On a tous quelque chose en nous de... lubrique et de pervers, de voyeur et de malsain. Des désirs charnels qui vous dévorent l'estomac, des envies de déraper, d'insulter et de grogner. Ah... ressembler à ces personnages emplis de liberté, le nez dans la poudre, un cône entre les doigts et une fille pendue à chaque bras - « Toi tu joueras la brune et toi la blonde ». Le cynisme, le sadisme, l'hypocrisie, le morbide, la cruauté, la cupidité (...) sont enfin reconnus comme étant une part de notre humanité. A l'époque d'AB, même les garçons traitaient Hélène comme une tache. Aujourd'hui, les minettes s'identifient à un quatuor de nanas trentenaires - Sex and the city - délirant sur la taille du sexe de leur dernier mec ou du cunnilingus raté qui leur a fait regretter leur sex toy fluo zébré. Quant aux mecs, ils rêvent des nuits torrides de Duchovny - Californication - et du charme destructeur/restructurant de McMahon - Nip/Tuck. Par devant ou par derrière. Trio, solo, duo, la vie sexuelle s'instrumentalise... Bref, un besoin irascible de piment, de folie et d'interdit envahit le globe et met le feu au calme provocateur des chaumières.

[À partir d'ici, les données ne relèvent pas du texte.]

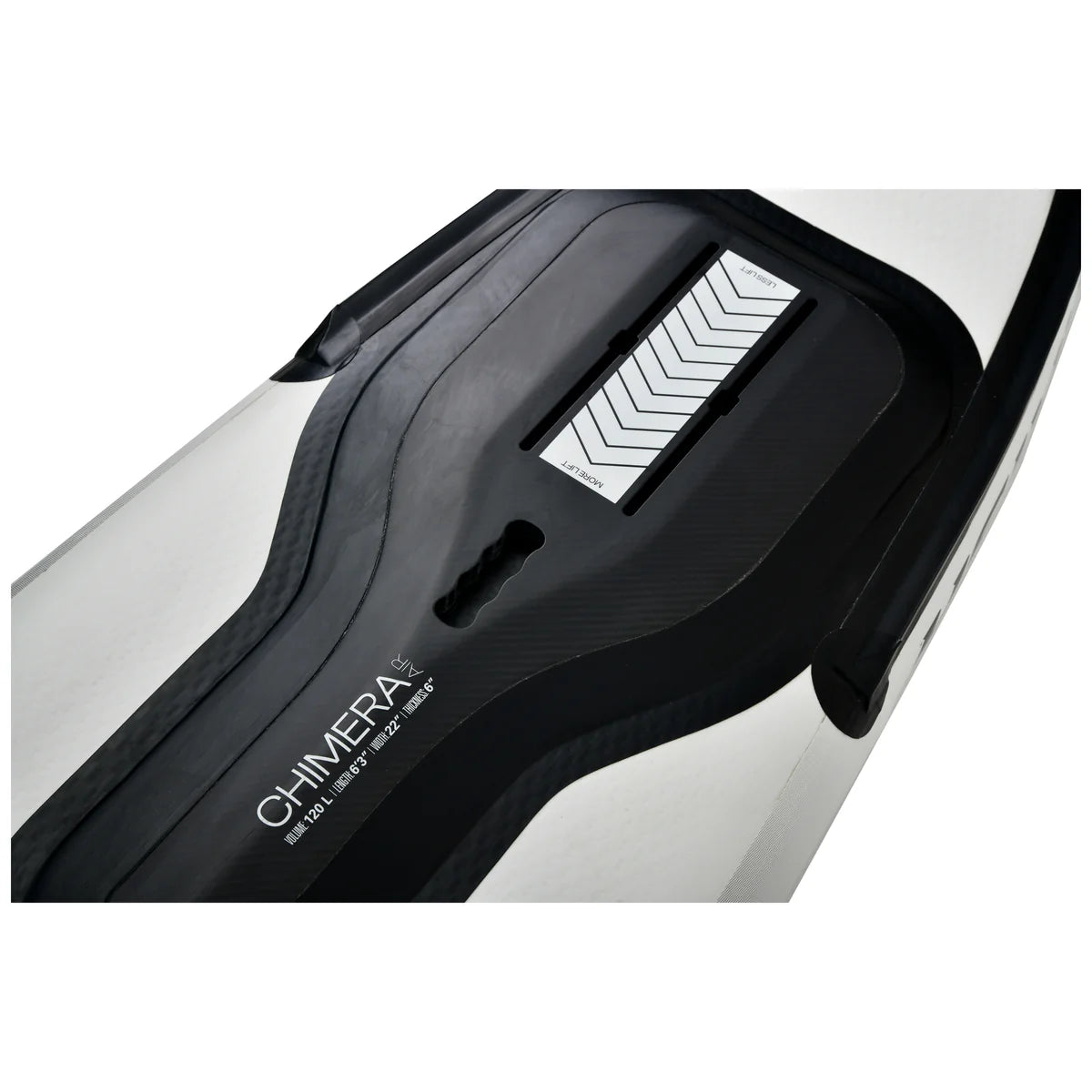 2026 Naish Chimera Air Foilboard
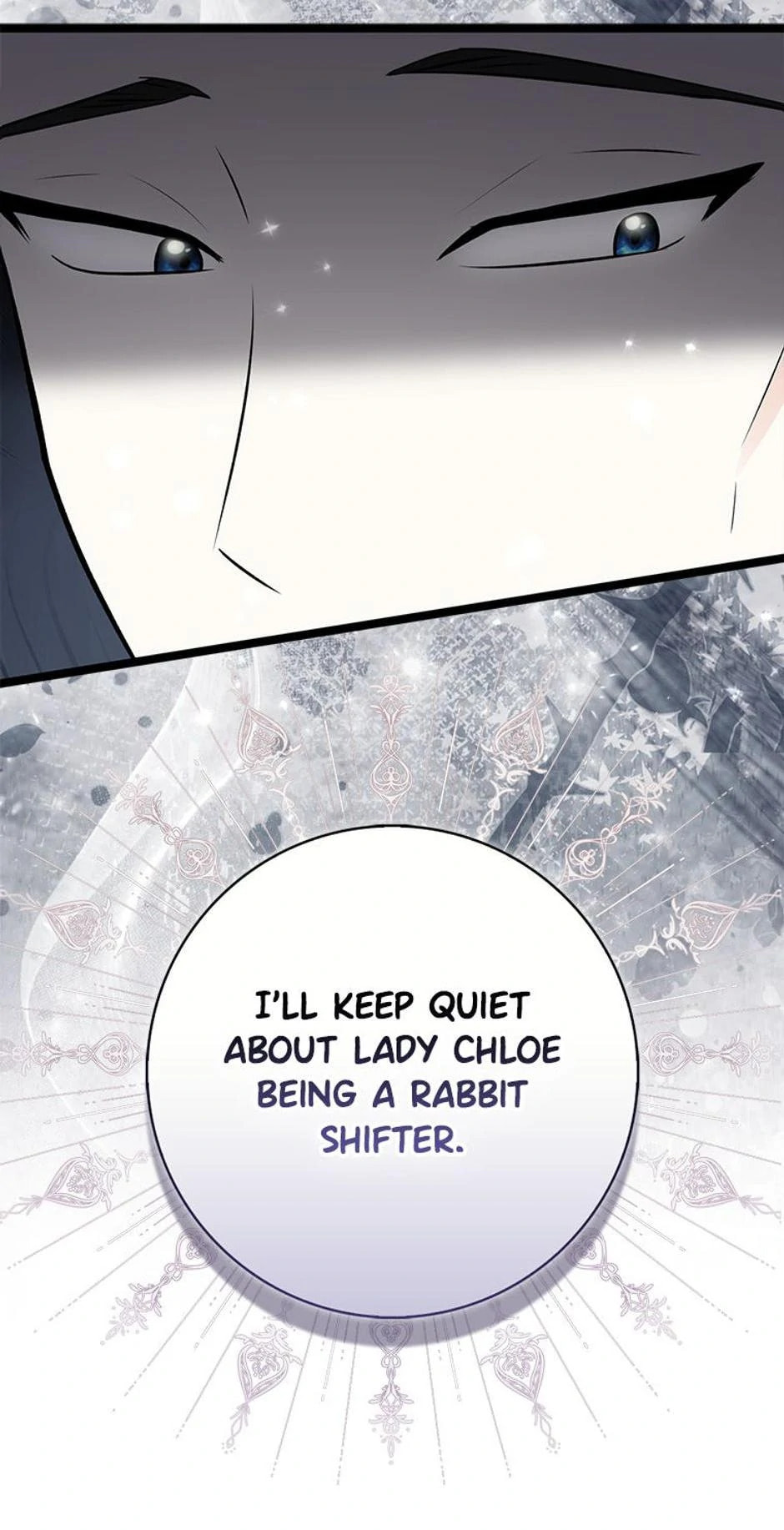 I'm a Beast, Not a Bunny! Chapter 19 page 54 - 
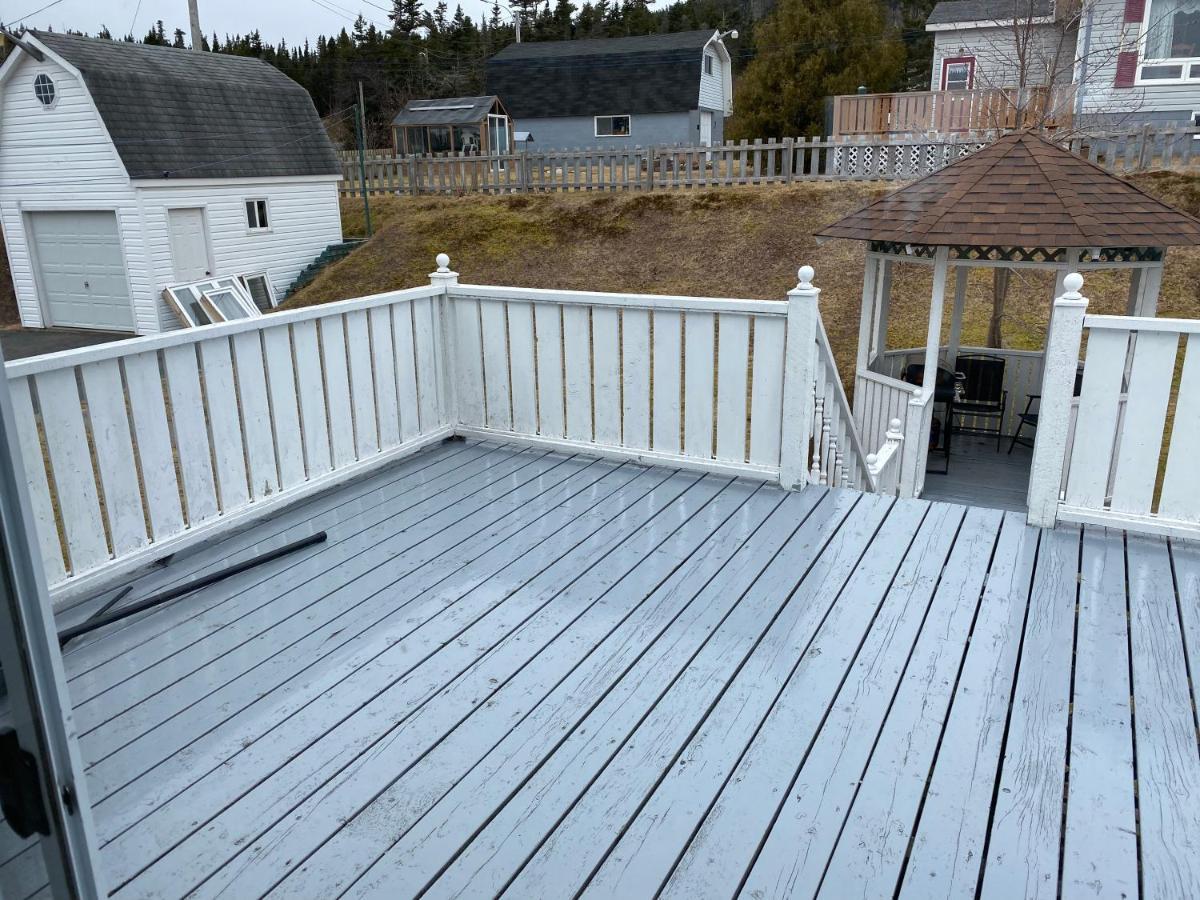 Exceptional Ocean View Villa Northern Bight Buitenkant foto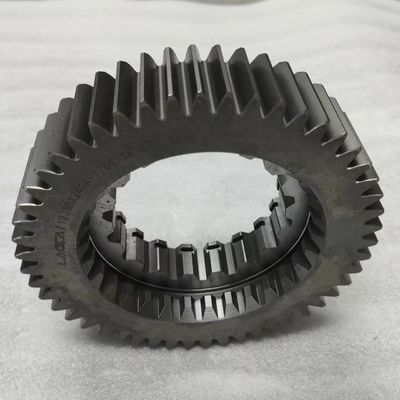 Howo Truck Hawker 12-speed Fast Transmission First Axle Gear 12JSDX240A-1701116 Trucks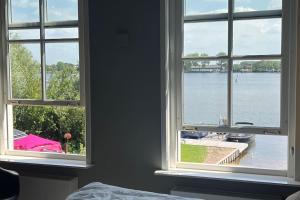 Unique monumental Villa near Amsterdam&Haarlem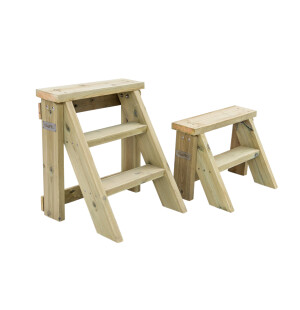 PihaPRO® - Vaalea rappu kuva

Dans les années 70, la rébellion « Marie-Jeanne/libération sexe-uelle » s'arrêtait un jour de majorité sur un air de « femme à marier, table où mettre ses pieds ». Aujourd'hui, la révolte « coco/sodo » gronde jusqu'à la trentaine bien tassée. Les pales infidélités de JR ont laissé place à la libido exacerbée du Dr Troy - Nip/Tuck -, la folie meurtrière de Dexter, les frasques libidineuses des Darling - Dirty Sexy Money - ou les arnaques à répétitions des Riches - The Riches. Homosexualité, dépression, drogue, viol, tout trépasse sous le cynisme acerbe des scénaristes sans pitié. Routine et banalité du quotidien sont intelligemment mises en parallèle avec la réalité des situations, la finesse des dialogues, la cruauté des personnages et les transgressions qu'ils s'autorisent. Si ces héros passent davantage de temps à remettre en question leur mode de vie, ils essaient tant bien que mal de rester ancrés dans la réalité, de garder un orteil dans la société, peu importe ce qu'elle reflète, le bon et le mauvais. Les séries, véritable nid de frustrations démystifiées et de schémas traditionnels atomisés, jouent le rôle thérapeutique d'exutoire.